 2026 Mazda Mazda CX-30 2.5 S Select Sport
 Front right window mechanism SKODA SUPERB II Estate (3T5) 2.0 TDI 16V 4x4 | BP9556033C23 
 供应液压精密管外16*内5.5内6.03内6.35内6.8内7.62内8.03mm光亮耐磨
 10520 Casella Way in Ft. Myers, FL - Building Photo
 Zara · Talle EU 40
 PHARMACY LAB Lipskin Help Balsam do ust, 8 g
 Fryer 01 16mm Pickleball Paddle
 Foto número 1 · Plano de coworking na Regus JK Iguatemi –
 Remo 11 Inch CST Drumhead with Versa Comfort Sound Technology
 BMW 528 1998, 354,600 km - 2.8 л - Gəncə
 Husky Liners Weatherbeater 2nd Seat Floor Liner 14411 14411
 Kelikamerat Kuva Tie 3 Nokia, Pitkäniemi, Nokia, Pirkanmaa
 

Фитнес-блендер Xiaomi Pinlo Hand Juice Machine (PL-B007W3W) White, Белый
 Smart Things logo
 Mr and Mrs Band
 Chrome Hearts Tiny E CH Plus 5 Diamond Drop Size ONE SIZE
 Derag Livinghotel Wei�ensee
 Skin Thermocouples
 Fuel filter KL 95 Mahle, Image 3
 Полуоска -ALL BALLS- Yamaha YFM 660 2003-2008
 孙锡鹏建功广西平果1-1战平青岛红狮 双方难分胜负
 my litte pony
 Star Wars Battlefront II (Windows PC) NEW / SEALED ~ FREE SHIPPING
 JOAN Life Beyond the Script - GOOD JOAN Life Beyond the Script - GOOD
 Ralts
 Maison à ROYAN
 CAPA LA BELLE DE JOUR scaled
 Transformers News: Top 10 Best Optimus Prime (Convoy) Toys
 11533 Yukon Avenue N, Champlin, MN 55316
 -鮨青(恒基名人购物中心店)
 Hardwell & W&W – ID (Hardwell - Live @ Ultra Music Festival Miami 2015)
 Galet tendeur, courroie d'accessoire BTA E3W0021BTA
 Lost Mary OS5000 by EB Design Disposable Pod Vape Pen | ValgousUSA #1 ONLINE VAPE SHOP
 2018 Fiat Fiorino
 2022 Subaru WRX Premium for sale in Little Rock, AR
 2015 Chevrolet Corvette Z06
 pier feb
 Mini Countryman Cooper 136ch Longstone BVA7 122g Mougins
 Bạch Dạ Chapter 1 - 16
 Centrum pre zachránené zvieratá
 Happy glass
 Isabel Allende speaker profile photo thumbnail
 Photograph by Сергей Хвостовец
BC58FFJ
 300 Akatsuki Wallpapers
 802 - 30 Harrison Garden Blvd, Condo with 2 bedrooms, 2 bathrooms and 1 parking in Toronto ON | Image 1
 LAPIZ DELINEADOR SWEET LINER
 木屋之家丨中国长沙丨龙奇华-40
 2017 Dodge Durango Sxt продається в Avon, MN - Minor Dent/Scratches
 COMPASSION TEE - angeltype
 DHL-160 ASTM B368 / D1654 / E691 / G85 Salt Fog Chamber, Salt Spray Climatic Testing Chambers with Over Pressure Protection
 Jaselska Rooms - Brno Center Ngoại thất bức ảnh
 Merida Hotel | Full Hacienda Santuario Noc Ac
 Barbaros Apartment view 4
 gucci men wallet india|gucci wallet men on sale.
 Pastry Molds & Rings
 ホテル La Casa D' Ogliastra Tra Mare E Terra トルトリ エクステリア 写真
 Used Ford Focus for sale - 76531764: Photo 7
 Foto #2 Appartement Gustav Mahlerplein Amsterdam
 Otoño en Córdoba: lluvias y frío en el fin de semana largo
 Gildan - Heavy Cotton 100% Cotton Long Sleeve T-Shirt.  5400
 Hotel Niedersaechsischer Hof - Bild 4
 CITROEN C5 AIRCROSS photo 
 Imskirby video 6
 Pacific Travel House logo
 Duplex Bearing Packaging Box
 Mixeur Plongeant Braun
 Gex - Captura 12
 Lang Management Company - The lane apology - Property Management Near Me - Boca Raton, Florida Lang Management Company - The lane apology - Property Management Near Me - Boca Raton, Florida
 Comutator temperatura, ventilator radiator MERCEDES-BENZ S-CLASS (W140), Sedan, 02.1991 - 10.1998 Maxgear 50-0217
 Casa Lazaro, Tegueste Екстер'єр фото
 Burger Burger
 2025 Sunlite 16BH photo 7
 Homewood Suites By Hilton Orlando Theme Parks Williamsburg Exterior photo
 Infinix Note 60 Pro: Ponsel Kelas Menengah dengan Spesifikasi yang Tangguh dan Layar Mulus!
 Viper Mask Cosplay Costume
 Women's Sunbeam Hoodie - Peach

........

▶ _INSTRUCTIONS TO FOLLOW_
Which of the lines above include the string "sale"? Pick them out and copy them.

▶ _COMPLETED TASK_
 2022 Subaru WRX Premium for sale in Little Rock, AR
 gucci men wallet india|gucci wallet men on sale.
 Used Ford Focus for sale - 76531764: Photo 7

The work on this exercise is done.